Exporting HTML from QuarkXPress

A recent post gave an overview of Quark’s ability as a web-authoring tool and my conclusion was essentially ‘nice looking pages, shame about the code’. Alternatively, using the same method of exporting Quark to Word, you can also export a string of text to HTML in a similar fashion, although the results are similarly unsatisfying.

Word 2003 produces some pretty horrible code too and less web functionality – I’m informed that Word 2007 has improved this somewhat, but still has some way to go. (If you have experience of Word 2007 and Quark, please leave a comment on this page.)

Here’s an illustration. Open up Notepad (or similar) and type the following:

<p>Hello</p>

Select ‘Save As’ then type ‘file.htm’ into the filename box, which will produce an HTML file with the icon of your default browser. Double-click the file to view the results. As a comparison, open up MS Word, type in ‘Hello’ and save as a webpage. Then open up the file in Notepad to see the code. You’ll agree that it’s awful and there’s a lot of it. (QuarkXPress is no better.)

The straightforward way to publish online is to make a web-optimised PDF, but there are also good reasons to do it in HTML. There are proprietary tools that will produce nice code for you, but buying such a product might not be an option.

What I’m going to describe is tricky and a bit of a work-in-progress. It’s not an elegant solution, but it works okay and will hopefully save you some time. It’s a better alternative than making a text-only file and then formatting paragraph by paragraph.

Why is ‘nice’ code important?

The main reason is Cascading Style Sheets (CSS). Like the style functions in Word and Quark, they remove the need for manual formatting and keep the content and formatting separate. Without formatting to worry about, all you mostly need to do is produce bog-standard HTML (with perhaps some additional styles created by whoever wrote the CSS). This is the whole principle on which WordPress and other blogging platforms are founded and the reason why we can change our page templates so easily.
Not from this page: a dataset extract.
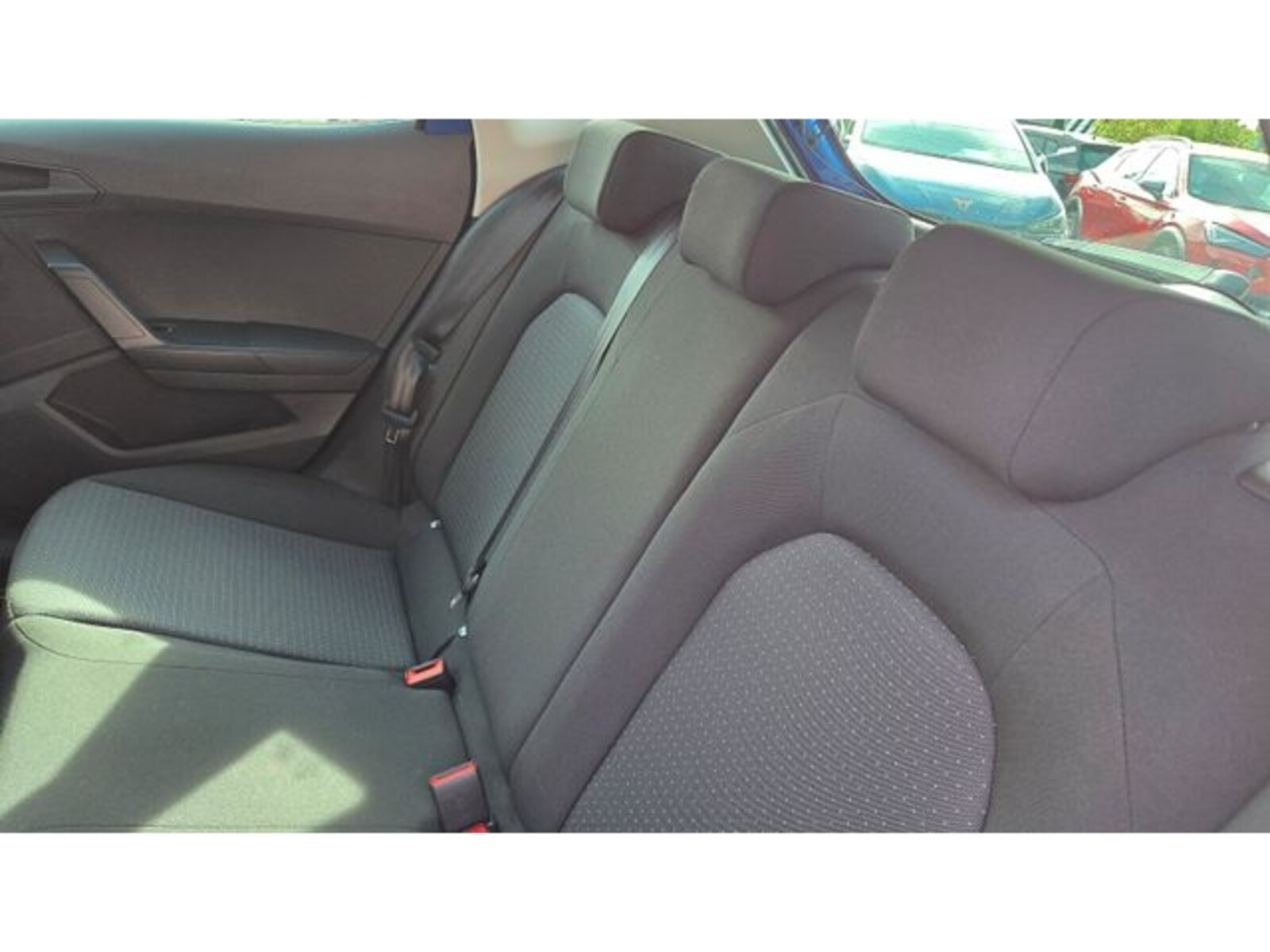 SEAT Ibiza – Bild 10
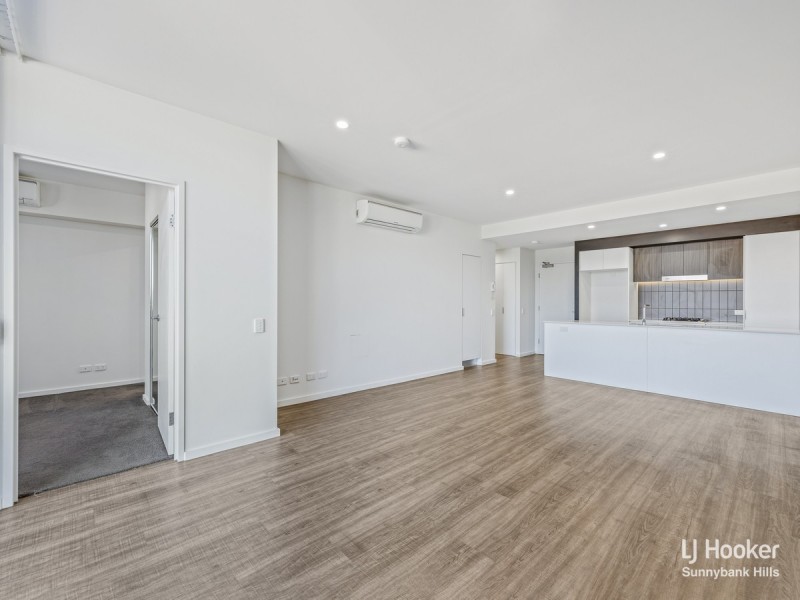 204/32 Gonzales Street, Macgregor QLD 4109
Additional reasons to use standard code are accessibility and the desirability of keeping file sizes down.

The aim of this tutorial

This tutorial will essentially describe how to convert a long text-string from Quark into HTML. It is likely that you’ll still need to go into the code to fix some glitches and you’ll have to add any images, tables and suchlike manually. It’s a bit of a hack solution, but it has worked for me. As always, if you have any suggestions, please email me or leave a comment.

Structural considerations

The structure of HTML is essentially similar to any large document. In a book, you’ll have a visual hierarchy of styles where, for example, a chapter heading is superior to a main heading, which is in turn superior to a subheading. Likewise in HTML there are headings <h1> to <h6>. Likewise you’ll be using ordered (numbered) lists and unordered lists (bullet points), corresponding to <li> tags, which in turn are wrapped in the <ol> and <ul> tags respectively. Your body copy will correspond to the HTML paragraph style <p>. In a book or report, the chances are those tags and styles will correspond to the vast majority of your document. The trick is to produce plain text that is wrapped in these tags.

Step-by-step HTML from Quark

1. Get rid of all formatting, numbers and bullet points

To guard against any residual fonts creeping into the HTML, convert all the text to 12pt Times New Roman. You can do either do this in the style sheets or by deleting fonts in the Usage box and replacing them with Times New Roman. Use find and replace to get rid of all the bullet points in the document. You’ll also need to get rid of all the numbers in numbered lists. (Of course, this assumes your bulleted lists and numbered lists are built using styles.)

Bear in mind the aim is to produce HTML — the CSS and the browser will do the formatting for you.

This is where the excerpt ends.